Hospital-based emergency departments in the U.S. continue to be overwhelmed with more patients each year, while the number of facilities decreases. This trend places an immense burden on patients who rely on EDs and physicians who are responsible for treatment. A recent study showed that 18% of adults aged 18-64 visited the ED at least once in 2014 and 77% of the visits were for serious medical conditions. With the high demand for care, change is necessary to address the growing crisis in emergency medicine and ensure that more patients have access to rapid care.
ED issues: Demand, wait times
The supply (PDF) of EDs decreased by 11% from 1995 to 2010. However, ED visits have increased (PDF) at twice the U.S. population growth rate, to more than 130 million visits per year. As a result, overcrowding has become a central problem for the emergency healthcare system.

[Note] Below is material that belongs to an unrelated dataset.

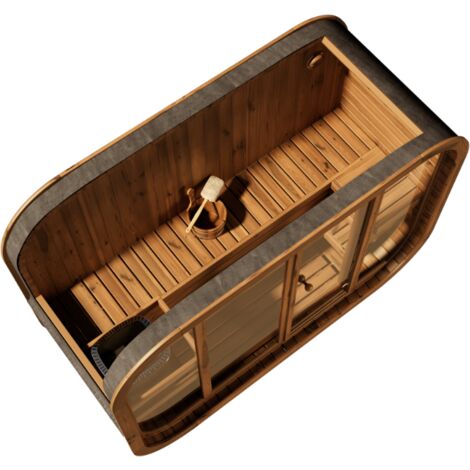 FinnTherm Comfort Set Fasssauna Ellipso L Fasssauna 2 Sitzbänke aus Holz , Sauna mit 42 mm Wandstärke Außensauna Naturbelassen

The American population is also living and needing care longer, which compounds the overcrowding. From 2006 to 2011, the average rate of ED visits by patients 45 years old and over increased by more than 4%. The demand for medical care among those 65 and older is high, especially with the increase in chronic disease associated with an aging population.
More patients mean longer wait times in the ED. Recent data published by ProPublica show the average wait time a patient spends before seeing a doctor can reach as high as 53 minutes depending on the state. In the District of Columbia, patients spend an average of 212 minutes before being sent home from the ED.
When EDs are clustered or mostly centrally located, as is the case in many places, access to care is limited for communities farther away. Patients must travel longer before being evaluated, diagnosed and treated, with potentially negative consequences depending on their condition.
All of these overwhelming issues in the ED have taken a toll on physicians. Emergency physicians have one of the highest burnout rates among medical professionals nationally. The average physician reports a 45% burnout rate, but emergency physicians had the highest at more than 60%.
Patient impacts
The delayed treatment that results from the issues that plague EDs can be detrimental, leading to adverse health outcomes. Patients at overcrowded EDs are 5% more likely to die compared to patients at less-crowded EDs. Overcrowding may also influence how medical decisions are made. In a study of all adult patients at an academic tertiary care center ED, the number of patients in the waiting room and physician patient load were associated with a greater likelihood that a patient was admitted. This shows that patient density in an ED may unintentionally affect medical decisions made by healthcare professionals. The emergency care community must look to new organizational structures that can help address and alleviate these problems.
One solution: Hospital-satellite EDs
Hospital-satellite emergency departments (HSEDs) provide a more distributed access model of emergency care that can be integrated into the healthcare system to relieve the strain on existing EDs and bring emergency care closer to patients.
HSEDs are structurally separate from a hospital, but offer patients emergency services that are equal to or surpass those at hospital-based facilities. The acuity levels for patients seen in HSEDs are similar to those seen at hospital-based EDs as well (broken bones, burns, chest pain, abdominal pain, pulmonary symptoms, head traumas and concussions). In short, when it comes to treatment, there is little to no difference between the two types, but HSEDs have the ability to provide more accessible and a greater value of care.
Having multiple HSEDs throughout local communities expands access to emergency medical care for more patients, including those who live far from a centralized hospital system. This type of medical delivery system is already implemented with decentralized imaging centers, laboratories and urgent care centers.
Next steps for emergency care
HSEDs can relieve the burdened emergency healthcare system. While it is prudent to be cautious of change that directly affects the health of a population, at one time even the concept of an ED was once new. EDs were first established as a room in the back of the hospital for those who did not have access to physicians.
Even 911 emergency medical services, which arose due to traffic accidents and trauma injuries, were not widely recognized until the 1970s and generated backlash to the idea of nonphysicians undertaking medical procedures on ambulances.
HSEDs can meet patient needs and have the potential to achieve better health outcomes in communities without compromising healthcare quality. For the emergency medical care system to work efficiently, HSEDs will work with established, leading healthcare systems to expand emergency care resources and promote collaboration and coordination of quality care.
Ricardo Martinez, M.D., chief medical officer of Adeptus Health, is a nationally recognized board-certified emergency physician and has practiced emergency medicine clinically for more than 30 years, and held senior roles in business, academia, and the federal government. He currently serves as faculty at Emory University School of Medicine and previously held roles at Stanford University School of Medicine and as executive director of the Medical Leadership Academy.